Assignment 5 - Computer Science

Assignment 5
Generating Random N-Grams
1. Overview
This project is a variation on what you will find in J&M, p. 93. It will give you an
opportunity to explore the properties of N-Grams.
2. The Basic Idea (Using the Bogensberger-Johnson Cumulative Probability
Technique)
Imagine that you have before you a very long sheet of paper, along with a list of
all words in English and their relative frequencies, in no particular order. The
paper represents the interval [0..1]. Go through the words in the list one by one.
Assign each word an interval on the paper in proportion to its relative frequency.
The interval is indicated by a vertical line and the cumulative probability of that
word, given all words that have preceded it, written below the word. As an
example, suppose your impoverished corpus has only these six Italian words with
their accompanying relative frequencies:
al
tavola
non
ci
invecchia
mai
Relative Frequency
.3
.1
.05
.05
.4
.1
Cumulative Probability
.3
.4
.45
.5
.9
1
At the end of the process you would have a sheet of paper with these properties:
 the ‘al’ interval would be the first 30% of the sheet of paper
 the ‘tavola’ interval would be the next 10% of the sheet of paper
 the ‘non’ interval would be the next 5% of the sheet of paper
 the ‘ci’ inverval would be the next 5% of the sheet of paper
 the ‘invecchia’ interval would be the 40% of the sheet of paper
 the ‘mai’ interval would be the final 10% of the sheet of the paper.
The sum of the relative frequencies of the word adds up to 1.0 and is represented
by the full length of the sheet of paper. The paper has been divided into as many
intervals as there are words, with each word having been assigned an interval
whose width is in proportion to its relative frequency. You now generate a
random number in the interval (0..1) and print the first word whose cumulative
probability mass marker exceeds the random number generated. You continue
this process until you have generated a pre-determined number of words.
3. Extending the Idea to N-Grams
The basic idea can be extended to bigrams, trigrams, and quadgrams by using
the N-Gram relative frequency equation on p. 89 (4.15). You can further extend
the idea to corpora that have beginning and end of sentence markers (<s>, </s>)
by altering the beginning and end of the process. At the beginning, generate
random numbers until an N-Gram beginning with <s> has an interval of
appropriate size. At the end, continue generating grams until an N-Gram ending
with <\s> has an interval of the appropriate size.
4. Tokenize a corpus
Bring up python 2.7 and do this:
>>import nltk
>>from nltk.corpus import brown
>>news = brown.sents(categories=’editorial’)

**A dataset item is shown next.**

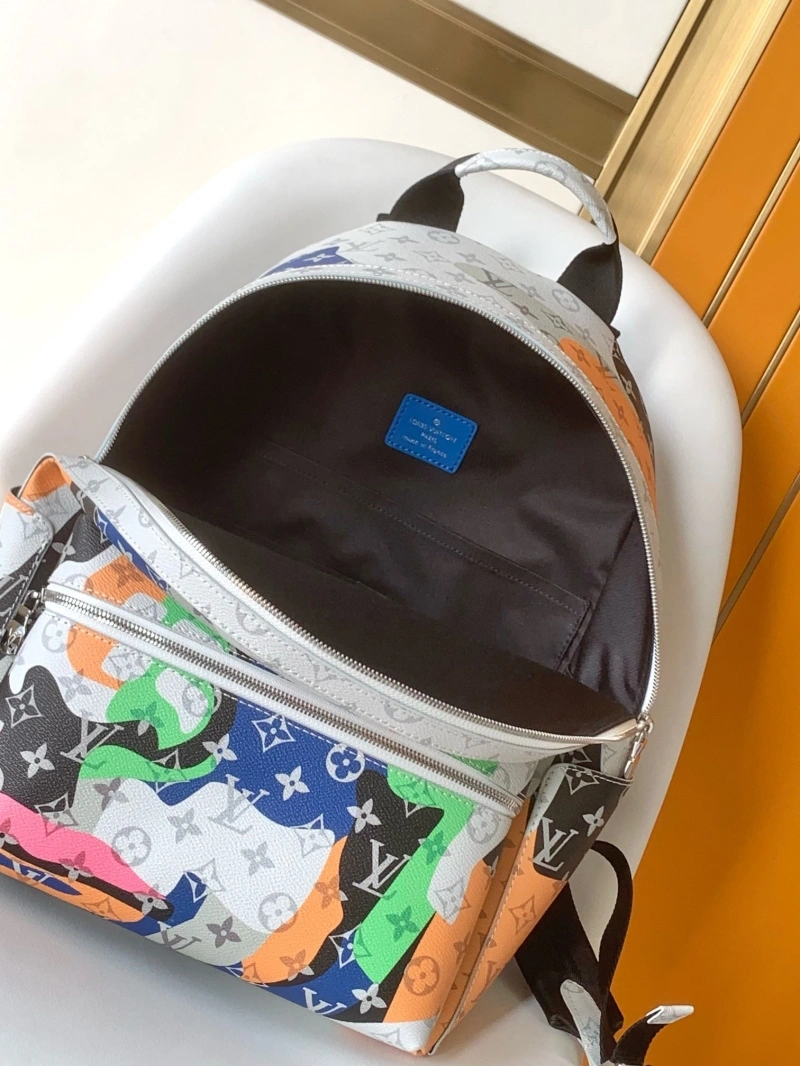LX Backpacks Cozy 19658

This will produce a list of all sentences in a subsection of the Brown corpus, the
first large corpus of English text, created in 1961 at Brown University. The little
‘u’ you see before each word indicates that it has been encoded using Unicode.
You can process in Unicode and print. That is, no encoding modifications are
necessary. Nevertheless, if you find the ‘u’s annoying, you can remove them with
this:
>>new_news = [[item.encode(‘ascii’) for in item in lst] for lst in news]

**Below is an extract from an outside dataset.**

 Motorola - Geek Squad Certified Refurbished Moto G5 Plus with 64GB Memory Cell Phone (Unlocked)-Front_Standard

This list comprehension is, in essence, a nested loop. For each sentence in news,
it encodes in asci each word.
The first two lists in the editorial section, in asci, look like this:
['Assembly', 'session', 'brought', 'much', 'good']

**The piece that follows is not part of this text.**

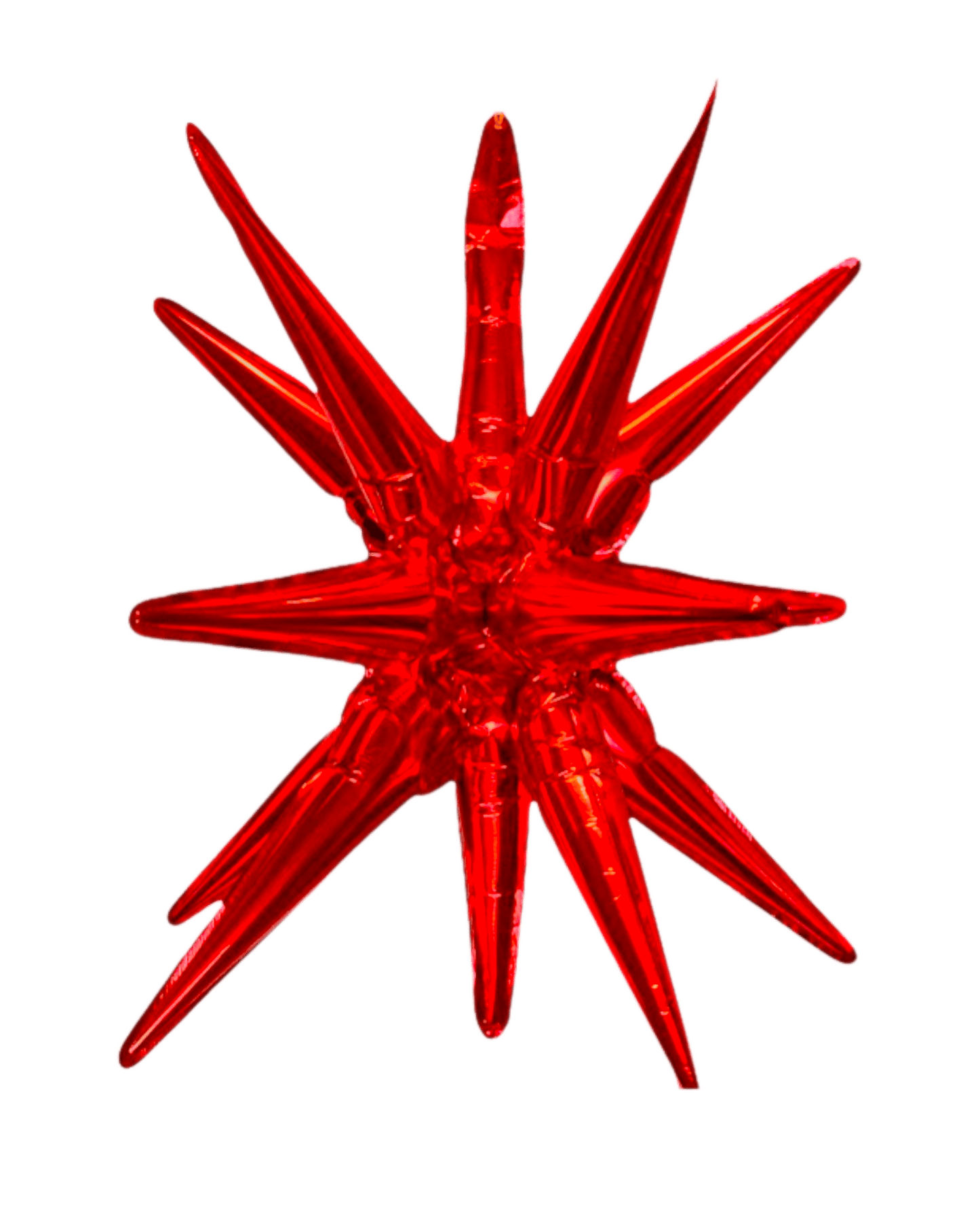 22" Exploding Starburst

['The', 'General', 'Assembly', ',', 'which', 'adjourns', 'today', ',', 'has', 'performed',
'in', 'an', 'atmosphere', 'of', 'crisis', 'and', 'struggle', 'from', 'the', 'day', 'it',
'convened', '.']
Almost all of the tokenizing has already been done. The only remaining task is
to insert <s> at the front of each list and </s> at the end (in place of the period
if there is one).
5. From Brown editorials, create four N-Gram relative frequency data structures
using equation 4.15 on p. 89 in J&M for unigrams, bigrams, trigrams,
quadgrams. To do this, generate all N-Grams for each gram size and compute
their relative frequencies, storing the grams and frequencies in a data structure
of your choice. A dictionary to count the frequencies is a good start.
6. Generate five random sentences from each N-Gram relative frequency data
structure, using the technique described above. Each sentence begins with <s>
and ends with </s>. You will probably have to generate multiple random
numbers at the beginning and end of each sentence so that the gram you
choose starts and ends with beginning and sentence markers.
7. The output should look like that on p. 93.
8. Extra Credit: Download a text version of the complete works of Shakespeare.
Tokenize it and do steps 5 and 6.
9. The program must be submitted according to specs on the class web site (link
#5) and formatted according to programming specs (link #7). With respect to
program specs, I am looking for clear, clean, nicely documented, nicely
decomposed code which includes, at the very top of the program, clear
instructions on how to run it. Though you don’t need a main() function in
python, I hope you can see, by looking at line #7, how it provides the user with
an outline of the structure of the program.